Vejo grávidas fantasiadas nos blocos sambando a desafiar pragas egípcias. O Boi Tolo está marchando até agora. Enquanto isso, publicações gringas estampam manchetes constrangedoras ao revelar espanto sobre o Carnaval à beira do precipício. O que parecem não entender é que, sim, é exatamente isso: nosso hedonismo sempre foi de guerra e dissolução. A iminência do desastre nunca estragou qualquer festa por aqui, dos salões da corte aos quilombos. Muito pelo contrário. É por ela que rebolamos até o meio-fio de fronteiras entre territórios ocupados, ameaçados, sitiados, em disputa permanente desde séculos antes da primeira UPP, quando portugueses corriam o risco de ser comidos no espeto por tupinambás canibais aliados de corsários franceses na praia do Flamengo –ao som da marcação de um surdo, talvez?
Hoje é terça-feira de Carnaval.

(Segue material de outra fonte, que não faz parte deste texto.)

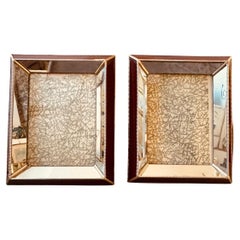 Due cornici italiane Art Deco anni '30 in ottone, borgogna e vetro specchiato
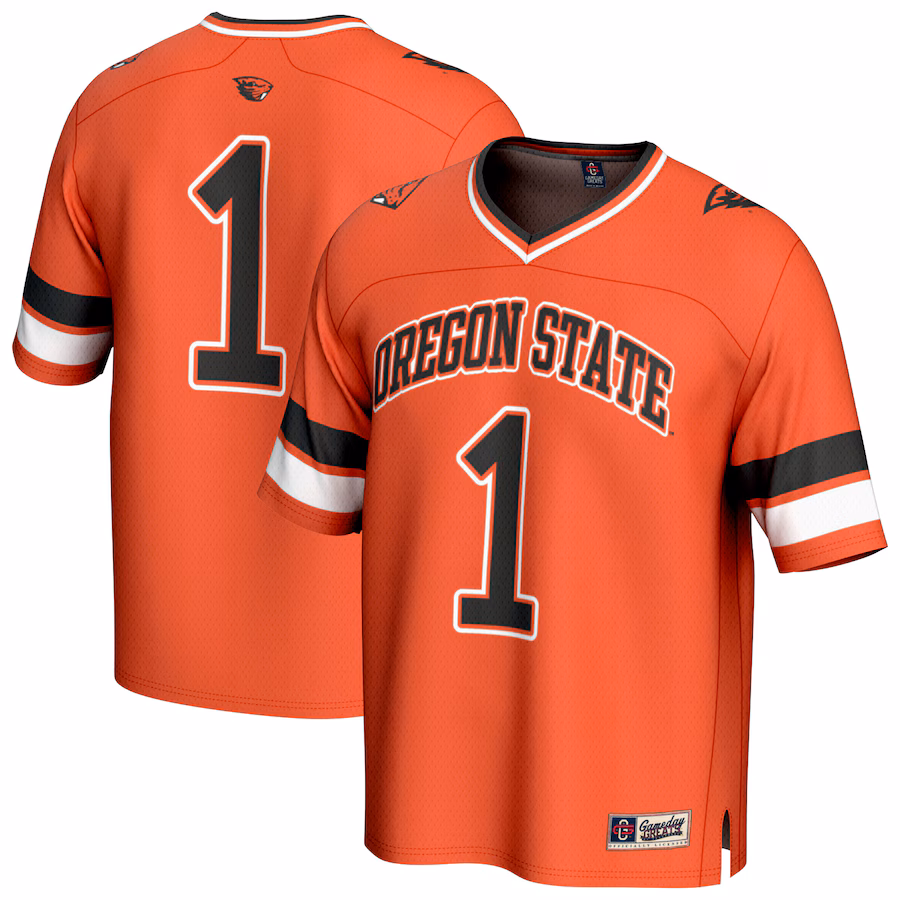 Youth GameDay Greats #1 Orange Oregon State Beavers Lightweight Collegiate Football Fashion Jersey - ujerseystore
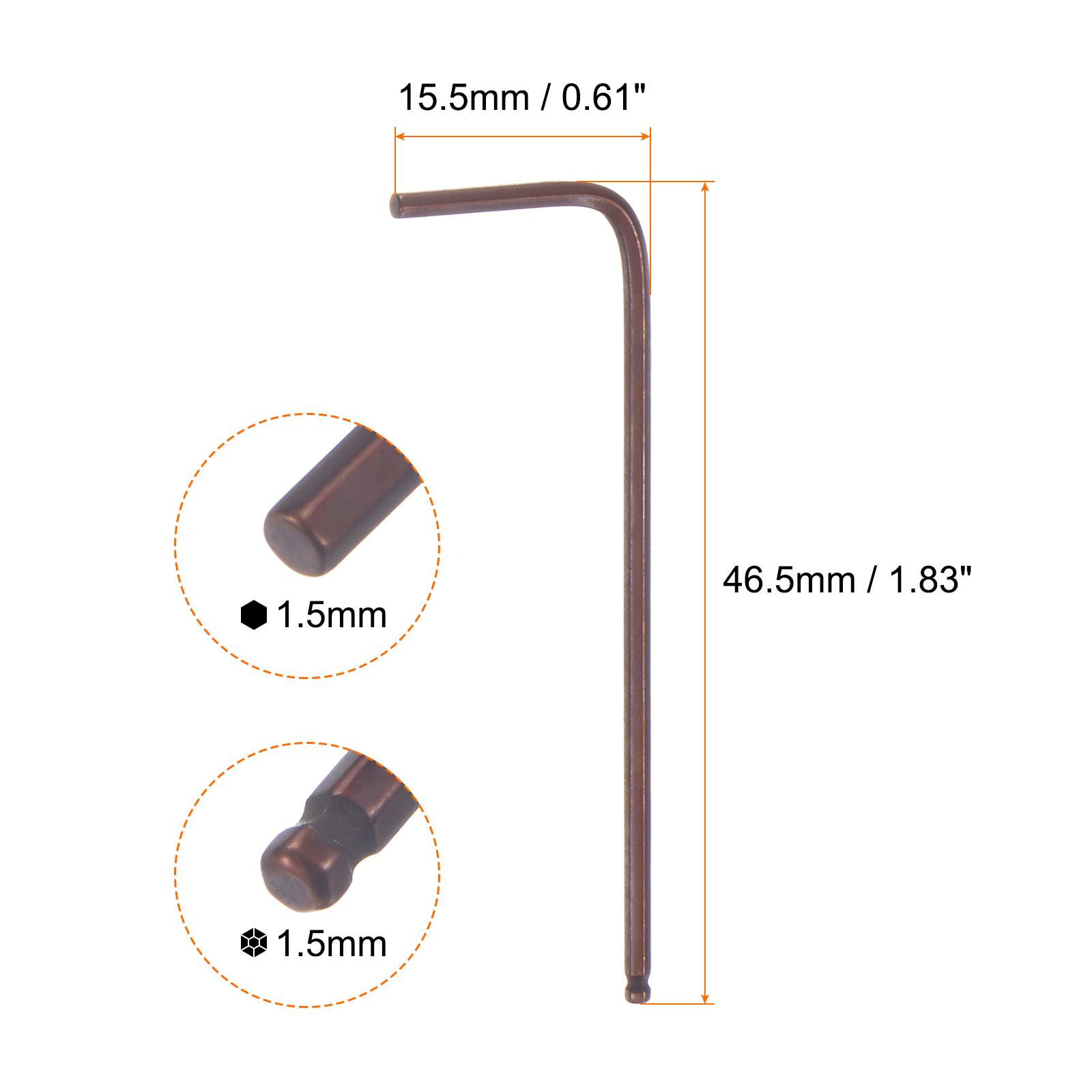 

1/2pcs Ball End Hex Key Wrench 1.5/2/2.5/3/4/5/6/8/10mm S2 Steel L-Shape Hexagon Metric Wrenches Repairing Tool for Home Red 1pcs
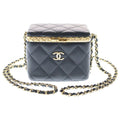 Chanel Quilted Mini Vanity Chain Shoulder Bag Lambskin Leather Gold Black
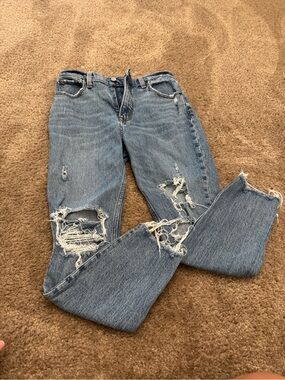 Abercrombie & Fitch High-Rise Distressed Light Blue Jeans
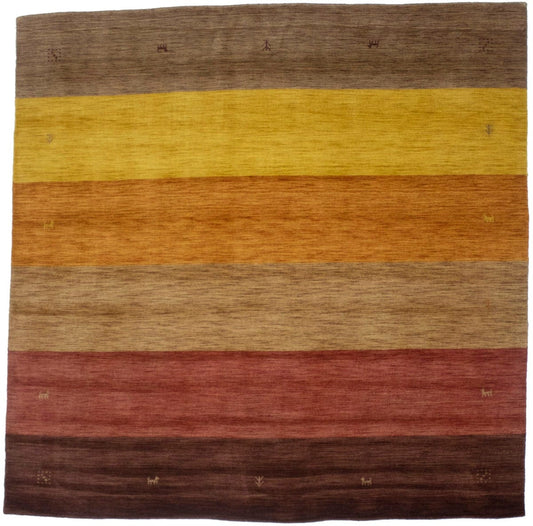 Multicolored Stripes 8X8 Oriental Modern Square Rug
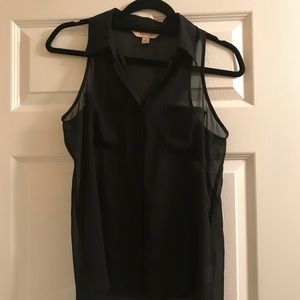 Sheer black button up tank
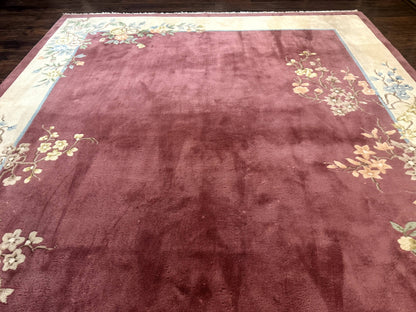 Indo Chinese Art Deco Rug 9x12, Pink and Ivory, Open Filed, Floral, Wool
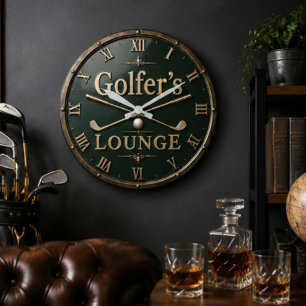 Golfer's Lounge Vintage Golf Club Golfer Gift Large Clock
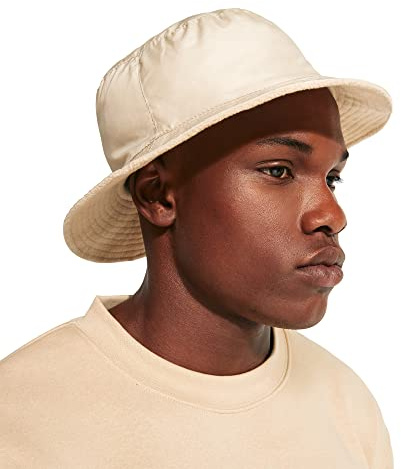 Gorra Bob Reversible - Sombrero Estilo Pescador Exterior de Nylon e Interior en Forro Polar, idóneo para Lluvia y frío 60Ø (Arena)
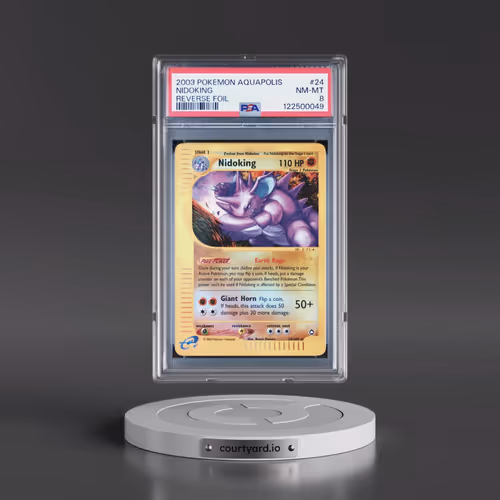 2003 Pokémon Aquapolis #24 Nidoking - Reverse Foil (PSA 8 NM-MT)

Não é hora de passadismos. E eu quase já escrevia que a única saída para o Rio de Janeiro era fazer o Carnaval durar o ano todo, mas tampouco é hora de pensar no futuro. Como fazer planos pra depois da quarta-feira? Amanhã não existe. O Carnaval é justamente sobre flutuar no fio da navalha desse presente eterno, sem historicidade e projeto. Temos febre de agora. Só há o agora.